Interestingly, one of the books that was quite revered was known as the “Shepherd of Hermas,” which received acclaim from some of the most influential Church Fathers.
According to the Catholic Encyclopedia, the Shepherd of Hermas was “a work which had great authority in ancient times and was ranked with Holy Scripture. Eusebius tells us that it was publicly read in the churches, and that while some denied it to be canonical, others ‘considered it most necessary.’ St. Athanasius speaks of it, together with the Didache, in connection with the deuterocanonical books of the Old Testament, as uncanonical yet recommended by the ancients for the reading of catechumens.”
It was sometimes put at the end of various collections of the New Testament, or even after the Acts of the Apostles, before the books were officially sorted out in the 4th century.

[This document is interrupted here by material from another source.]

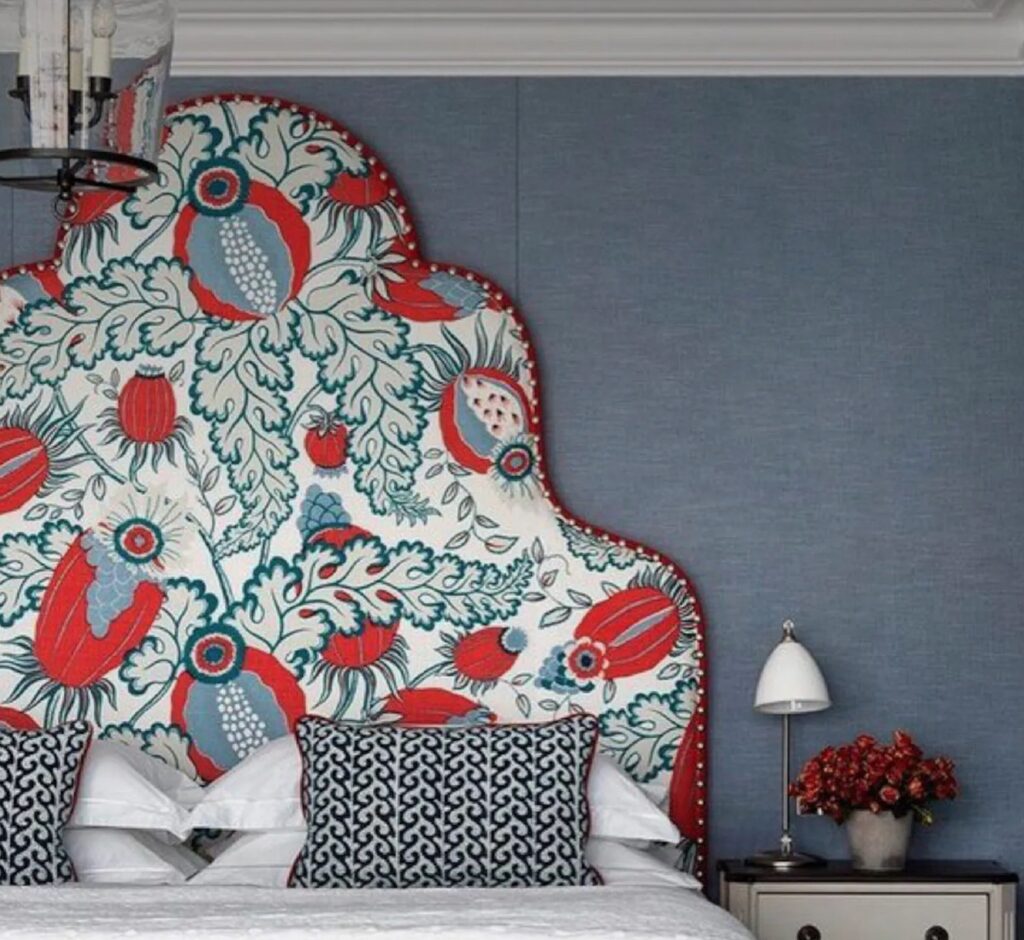 Headboard close-in view with floral design in red, light blue, white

The book is itself a collection of “visions,” and is more focused on ethics than theology. Scholars believe it was written in the 2nd century, but it is unclear who the original author was.
Part of the book is a commentary on the 10 Commandments, giving specific instructions on various things to avoid. One interesting passage details the existence of a “good” angel and a “bad” angel who can influence a person. The author gives suggestions on how to discern the voice of each.
There are two angels with a man — one of righteousness, and the other of iniquity. And I said to him, How, sir, am I to know the powers of these, for both angels dwell with me? Hear, said he, and understand them. The angel of righteousness is gentle and modest, meek and peaceful. When, therefore, he ascends into your heart, immediately he talks to you of righteousness, purity, chastity, contentment, and of every righteous deed and glorious virtue. When all these ascend into your heart, know that the angel of righteousness is with you. These are the deeds of the angel of righteousness. Trust him, then, and his works.
Look now at the works of the angel of iniquity. First, he is wrathful, and bitter, and foolish, and his works are evil, and ruin the servants of God. When, then, he ascends into your heart, know him by his works. And I said to him, How, sir, I shall perceive him, I do not know. Hear and understand said he. When anger comes upon you, or harshness, know that he is in you; and you will know this to be the case also, when you are attacked by a longing after many transactions, and the richest delicacies, and drunken revels, and various luxuries, and things improper, and by a hankering after women, and by overreaching, and pride, and blustering, and by whatever is like to these. When these ascend into your heart, know that the angel of iniquity is in you. Now that you know his works, depart from him, and in no respect trust him, because his deeds are evil, and unprofitable to the servants of God.
However, while many early Christians regarded this book as inspired by God, there were some passages that were ambiguous and did not have the clarity of the rest of the New Testament. Also, since the original author was not known, the text received much criticism from members of the Church.
It still remains an intriguing look into early Christianity, and reflects many of the views of Christians during the Church’s infancy. Even though it did not make the cut, the book is worthy of mention and study.